Saha herkesi yanıltıyor. Maçın başlamasına 15 dakika kala
'oynanabilir' diyor bütün otoriteler. Ama aslında eklenmesi gereken bir cümle var:
'Oynanmasa daha iyi olur!'. Zira oynanabilir ama
'tahmin edilemez' bir zemin var. Topun nereye gideceği belli olmuyor! Ev sahibi hemen görücüye çıkarmış Neill'i.
Sanki paralel evrende zaten G.Saray'da oynuyormuş gibi, hiç sırıtmıyor. Ofansif eksiklerine rağmen tempo yapıp rakibi yoracak bir kadro ve kurgu da var sahada. Ama kar evdeki hesapları
'donduruyor'. Rakibe gelince, onlarınki kontratak taktiği ve zemin ne olursa olsun kontralar dışında tempo yapmayacaklar zaten. Kar yağışı devam edip zemin de suyu iyice emince ayaklar tamamen ağırlaşıyor. Hal böyle olunca da maçın
'ataklar' hanesine hep sıfır yazılıyor. Nonda, Arda'nın yaptığı asistlerle onu iteklemesi sayesinde 36 ve 43'te iki pozisyon(cuk!) yakalıyor ama biri dışarıya diğeri kaleciye gidiyor.
İlk yarının en önemli dakikası hakeme itiraz eden Ahmet'in direkt kırmızıyla oyundan atılması. Ama G.Saray 33'te gerçekleşen bu hadiseyi sadece rakip sahada biraz daha yoğunlaşmak için kullanabiliyor. Tehlikeli ataklar ve net pozisyonlarsa koşullar nedeniyle
'kapsama alanına' giremiyor.
İkinci yarı G.Saray bu yoğunluğu biraz daha artırınca Zurita Caner'i düşürerek engellemek zorunda kalıyor. Verilen penaltı vuruşu 57'de Nonda'nın ayağından
'sevgilerle' kalecinin ayağına gidiyor. Bu maçın herhangi bir gole en yakın anı da böylece harcanmış oluyor. G.Saray oyuna yeni
'cici'si Jo'yu da ekleyip gol ısrarını sürdürüyor.

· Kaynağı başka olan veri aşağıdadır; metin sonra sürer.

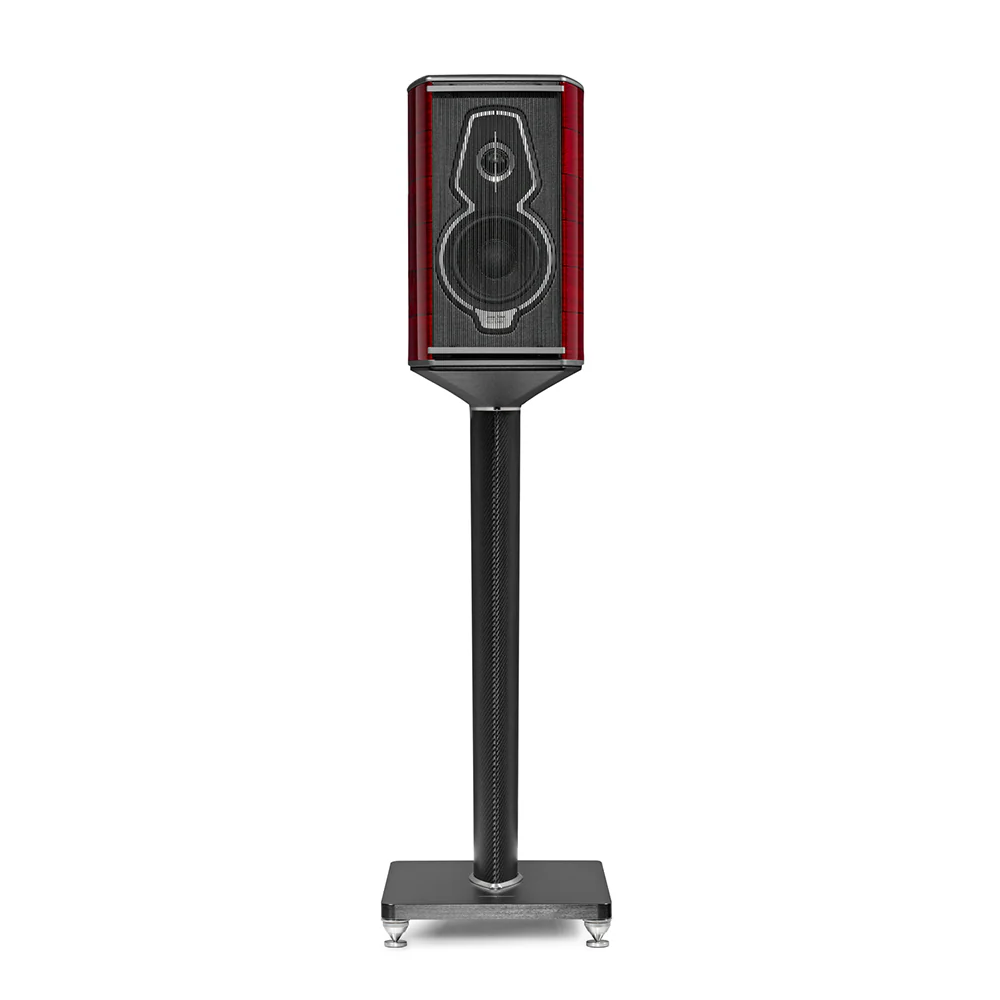 Sonus faber Guarneri G5 Homage Bookshelf Speakers - Image 16
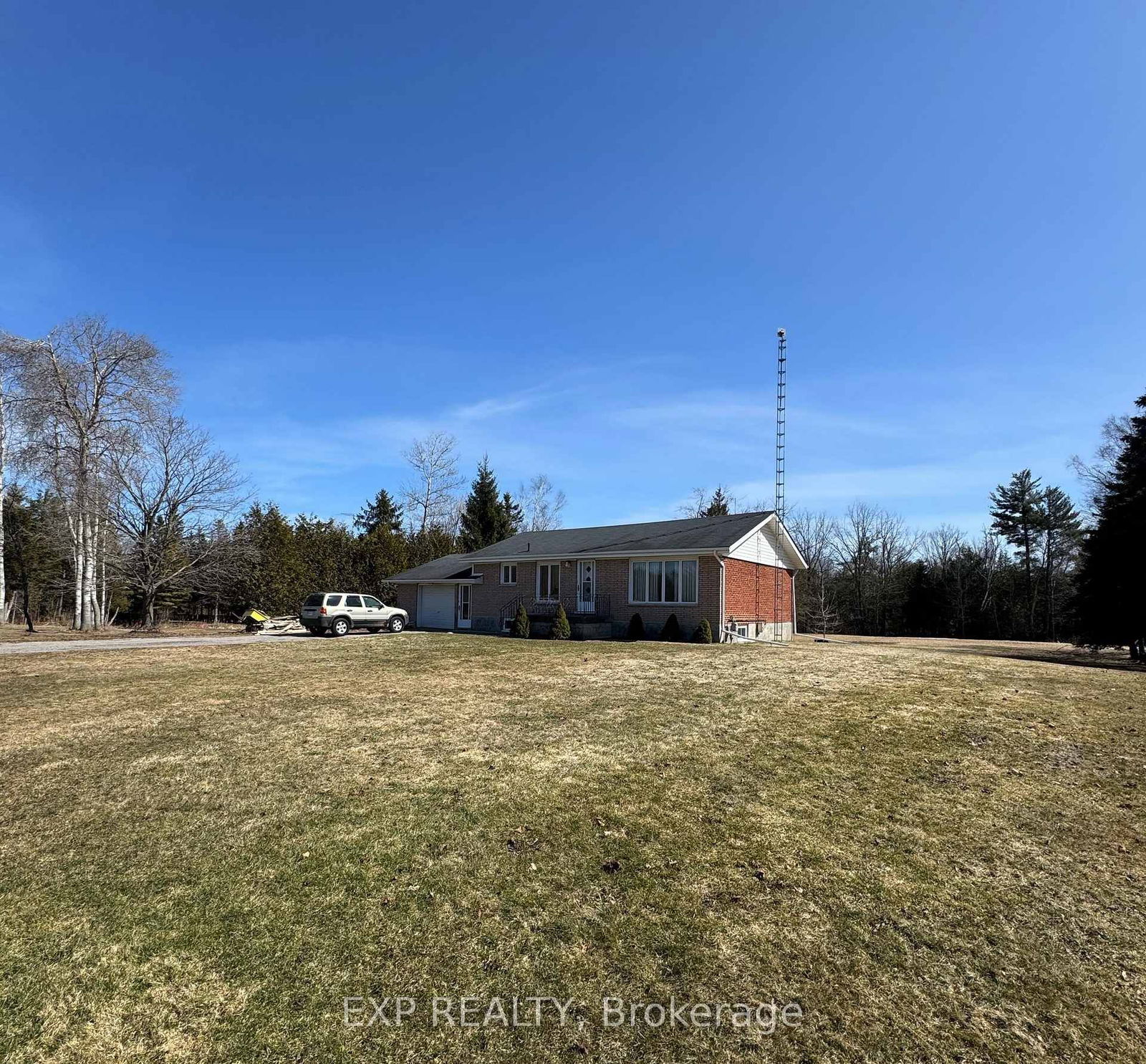Detached House sold at 569 Centreton Road, Alnwick/Haldimand, Rural Alnwick/Haldimand, K0K 1C0 - MLS: X12106365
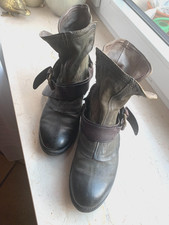 Airstep 40 braun/grün/beige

Tam 75 dakika oyun disiplini ve defans terbiyesini bırakmayan Antep bu dakikada Arda'nın duran toptan gelen vuruşunu Mustafa Sarp'ın kafayla ağlara yollamasına engel olamıyor. Kalan sürede G.Saray başka tehlikeler de yakalıyor. Artık iyice tanınmaz hale gelen sahada G.Saray'ın 3 puanı
'kardelen' misali karları delerek yüzünü liderliğe doğru uzatmaya devam ediyor.